# **3 Gradient computations in Neural Networks (Ed Tam)**

$$\mathbf{h}_1 = \sigma\left( \mathbf{W}_1^\top \mathbf{x} + \mathbf{b}_1 \right),$$
$$\mathbf{h}_2 = \sigma\left( \mathbf{W}_2^\top \mathbf{h}_1 + \mathbf{b}_2 \right),$$
$$f(\mathbf{x}) = \mathbf{h}_3 =  \sigma\left( \mathbf{W}_3^\top \mathbf{h}_2 + b_3 \right),$$

$$L=-\sum_{i=1}^{N}y_i\log(f(\mathbf{x}_i)) + (1-y_i)\log(1-f(\mathbf{x}_i)),$$

$$\mathbf{z}_l := \mathbf{W}_l^{\top} \mathbf{h}_{l-1}+\mathbf{b}_l.$$

**3.1 Gradient Evaluation**

In order to get $\frac{\partial L}{\partial \mathbf{W}_1}$ let's start with
 $-\frac{\partial L_i}{\partial \mathbf{W}_1}$:

\begin{eqnarray}
\frac{\partial L_i}{\partial \mathbf{W}_1}=\frac{\partial L_i}{\partial {h}_3}\frac{\partial {h}_3}{\partial \mathbf{W}_1},
\end{eqnarray}


\begin{eqnarray}
\frac{\partial L_i}{\partial {h}_3}=\frac{\partial L_i}{\partial f}=\frac{\partial}{\partial f}\left(y_i\log(f) + (1-y_i)\log(1-f)\right)=\\
y_i\dfrac{1}{f}+(1-y_i)\dfrac{-1}{1-f}=\dfrac{y_i-y_if-f+y_if}{f(1-f)}=\dfrac{y_i-f}{f(1-f)}.
\end{eqnarray}

Now let's simplify $\frac{\partial {h}_3}{\partial \mathbf{W}_1}$:

\begin{eqnarray}
\frac{\partial {h}_3}{\partial \mathbf{W}_1}=\frac{\partial {h}_3}{\partial z_3}\frac{\partial z_3}{\partial \mathbf{h_2}}\frac{\partial\mathbf{h_2}}{\partial\mathbf{W}_1},
\end{eqnarray}

We know that

$$\frac{\partial {h}_3}{\partial z_3}=\sigma'(z_3)=\sigma(z_3)(1-\sigma(z_3))=h_3(1-h_3).$$

Also,

$$\frac{\partial z_3}{\partial \mathbf{h_2}}=\mathbf{W}_{3}^T.$$

Next step is to calculate $\frac{\partial h_2^l}{\partial\mathbf{W}_1}$:

$$\frac{\partial\mathbf{h}_2}{\partial\mathbf{W}_1}=\frac{\partial \mathbf{h}_2}{\partial \mathbf{z}_2}\frac{\partial \mathbf{z}_2}{\partial \mathbf{h_1}}\frac{\partial\mathbf{h_1}}{\partial\mathbf{W}_1},$$

where

$$\frac{\partial \mathbf{h}_2}{\partial \mathbf{z}_2}=\mathbf{h}_2\odot(\mathbf{1}-\mathbf{h}_2),$$

where $\odot$ is the Hadamard product (element wise multiplication) and $\mathbf{1}$ is the vector of ones.

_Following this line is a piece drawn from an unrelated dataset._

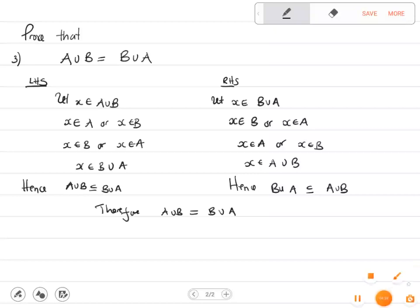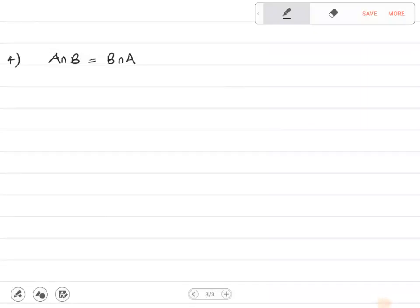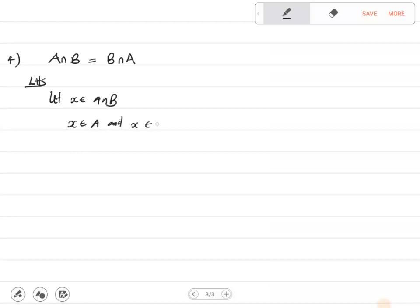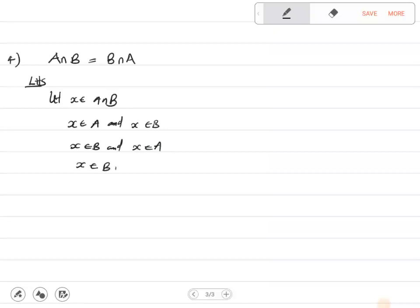We are still on commutative laws. Now let's prove A intersect B equals B intersect A. We prove both sides and then conclude. For the left-hand side: let X be a member of A intersect B. This means X is a member of A and X is a member of B — where there is intersection, you use 'and'; where there is union, you use 'or'. This can be interchanged to X is a member of B and X is a member of A, which is the same as X being a member of B intersect A. Hence, A intersect B is a subset of B intersect A.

for $\frac{\partial \mathbf{z}_2}{\partial \mathbf{h_1}}$ we have:

$$\frac{\partial \mathbf{z}_2}{\partial \mathbf{h_1}}=\mathbf{W}_{2}^{T}.$$

The last derivative we are missing is $\frac{\partial\mathbf{h_1}}{\partial\mathbf{W}_1}$ which is

$$\frac{\partial\mathbf{h_1}}{\partial\mathbf{W}_1}=\frac{\partial\mathbf{h_1}}{\partial\mathbf{z}_1}\frac{\partial\mathbf{z}_1}{\partial \mathbf{W}_1}=\mathbf{h}_1\odot(\mathbf{1}-\mathbf{h}_1)\frac{\partial \mathbf{z}_1}{\partial \mathbf{W}_1},$$

and the derivative $\frac{\partial \mathbf{z}_1}{\partial \mathbf{W}_1}$ is

$$\frac{\partial \mathbf{z}_1}{\partial \mathbf{W}_1}=\mathbf{x}^T.$$

Combining everything together we can have:

\begin{eqnarray}
\frac{\partial L_i}{\partial \mathbf{W}_1}=\dfrac{y_i-f(\mathbf{x}_i)}{f(\mathbf{x}_i)(1-f(\mathbf{x}_i))}h_3(1-h_3)\mathbf{W}_{3}^T\times\\
\times \mathbf{h}_2\odot(\mathbf{1}-\mathbf{h}_2)\mathbf{W}_{2}^{T}\mathbf{h}_1\odot(\mathbf{1}-\mathbf{h}_1)\mathbf{x}_i^T.
\end{eqnarray}

Since $f(\mathbf{x}_i)=h_3$, we can simplify it as follow

\begin{eqnarray}
\frac{\partial L_i}{\partial \mathbf{W}_1}=(y_i-f(\mathbf{x}_i))\mathbf{W}_{3}^T\mathbf{h}_2\odot(\mathbf{1}-\mathbf{h}_2)\mathbf{W}_{2}^{T}\mathbf{h}_1\odot(\mathbf{1}-\mathbf{h}_1)\mathbf{x}_i^T
\end{eqnarray}

After the summation over all $i=1...N$ we have:

\begin{eqnarray}
\frac{\partial L}{\partial \mathbf{W}_1}=-\sum_{i=1}^N (y_i-f(\mathbf{x}_i))\mathbf{W}_{3}^T\mathbf{h}_2\odot(\mathbf{1}-\mathbf{h}_2)\mathbf{W}_{2}^{T}\mathbf{h}_1\odot(\mathbf{1}-\mathbf{h}_1)\mathbf{x}_i^T.
\end{eqnarray}

Initially I did the same but in term of summations over all the nodes. The answer is:

\begin{eqnarray}
\frac{\partial L}{\partial \mathbf{W}_1}=-\sum_{i=1}^N(y_i-f(\mathbf{x}_i))\sum_{l=1}^{H}W_{3,l}^Th_2^l(1-h_2^l)\sum_{m=1}^{H}W_{2,m}^{lT}h_1^m(1-h_1^m)\mathbf{x}_i^T.
\end{eqnarray}

**3.2 Gradient Evaluation**

We need to compute $\delta_l^i:= \frac{\partial L_i}{\partial \mathbf{z}_l}$, knowing
$\delta_{l+1}^i$, $\mathbf{W}_{l+1}$, and $\mathbf{h}_l$.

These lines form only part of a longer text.